The characters of Rosario + Vampire have received criticism from publications dedicated to anime, manga, and other media. Theron Martin of Anime News Network describes Tsukune as a "cookie-cutter harem male lead, an unfailingly kind-hearted, indecisive wimp who primarily has a thing for Moka but still treasures the other girls as friends." Carlo Santos of Anime News Network, in reviewing the manga, noted Tsukune's character design as lazy: "shove in any other male protagonist from a harem series and nobody would notice too much". He found the girls "distinctive, if predictable (the beauty, the boobs, the jailbait)", but concluded in a later volume that "The story's never going to go anywhere, the characters are never going to go anywhere, and the artwork is always going to have that same polished-but-flawed look." Stig Høgset of THEM Anime Reviews found Moka to be ditzy and a "pink-haired dolt"; he criticized her lack of vampire weaknesses such as walking around in broad daylight at a beach, but found her alternate personality as "pretty damn badass", "a great addition to the show, if a severely underutilized one", and wished that her character was developed better. Deb Aoki of About.com called Moka a magical ditz who loves the doofus but also kicks butt. Neil Lumbard of DVD Talk noted that Kokoa is not another character that has a massive crush on the same guy; however, Høgset noted that her anime role was reduced to obnoxious comedy acts.

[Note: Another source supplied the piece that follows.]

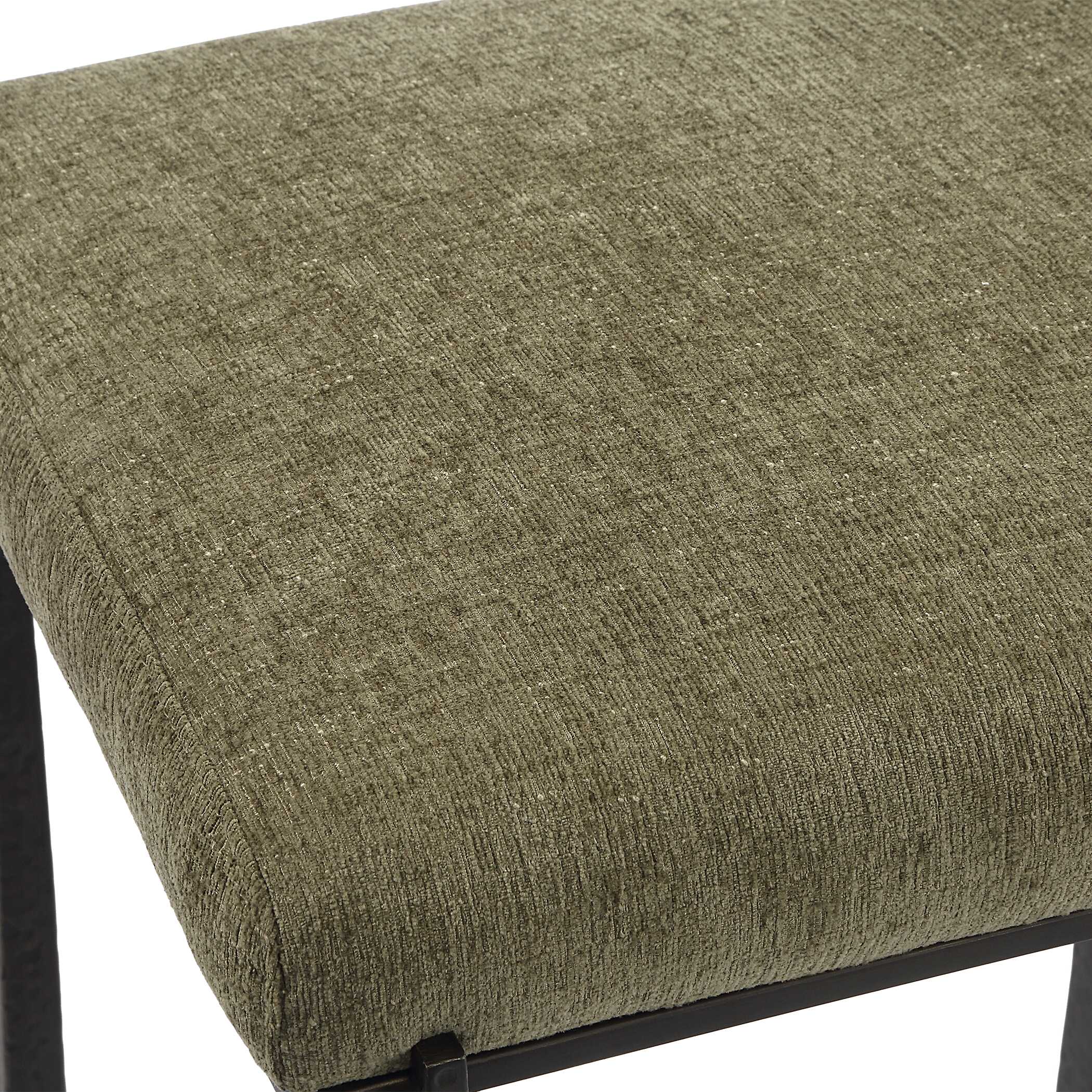 Uttermost Midas Counter Stool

Carlo Santos, in reviewing the manga volumes, found the antagonist monster designs to interest him the most, and wished Ikeda would have focused the story on action-fantasy themed manga. He called antagonist Hokuto Kaneshiro a "dead ringer for Light Yagami from Death Note" and smarter than the usual monsters of the week, but the storyline he is placed in is predictable. Although he liked that Hokuto had a "shocking truth....that could have been a game-changer for the series", he was disappointed in Ikeda's resolution to the story: "Hokuto has an arbitrary, unconvincing change of heart, school life is reset to the way it was, and the villain walks off as if nothing happened." He found the canned phrases of the girls fighting in some of the comedy chapters to be entertaining, including Kyoko's gold mine of one-liners. Høgset found the bat to be really obnoxious with its spouting useless trivia, repeating what happens to Moka, and things that bring the story to a grinding halt or "make you want to bludgeon your brain out of your cranium with something made of metal". Serdar Yegulalp of About.com also agrees about the bat bringing the action to dead halt. He found the character introductions repetitive, and wished they would deviate from the harem formula and develop into lively, sympathetic ones like with Ouran High School Host Club.

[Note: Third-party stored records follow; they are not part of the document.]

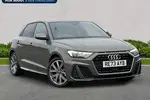 2023 Audi A1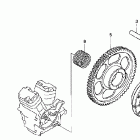 VT750DCB Генератор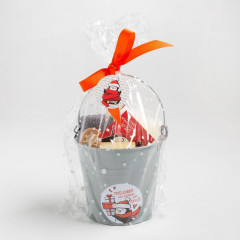 Набор подарочный «Новогоднее чудо» - Фото 9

The anime series, directed by Takayuki Inagaki who has worked on Desert Punk and Indian Summer, has an abundance of fanservice and panty shots that have been heavily criticized from reviewers in manga and anime, who have compared the show to panty-ridden series such as Najica Blitz Tactics and Agent Aika. Lumbard was disgusted by the fanservice of weird sexual imagery around Yukari, and lowered his overall opinion of the second anime series because of it. Høgset wrote that the series was like Shuffle! with more fanservice with "average 'all the girls dotes on the guy' stupidity". Deb Aoki found the fanservice in the manga to be a bit unwholesome and cheesy, but underneath were teen themes about friendship, loyalty, and courage. Reception on the characters' fanservice has been acknowledged by Ikeda. In the bonus comics at the end of Season II, Volume 6, Ikeda responds to a fan letter that criticizes that the Newspaper Club girls artwork in the manga is not as moe as in the anime by having them go over aspects of moe that has already incorporated such as cat ears, knee socks, large breasts, twin tails, long bangs, as well as what the girls would look like when drawn with large eyes, distinguishing accessories and speech inflections. When asked in an interview about the fewer panty shots compared to other shōnen manga; Ikeda replied that he favors showing less as it would be more erotic and intriguing.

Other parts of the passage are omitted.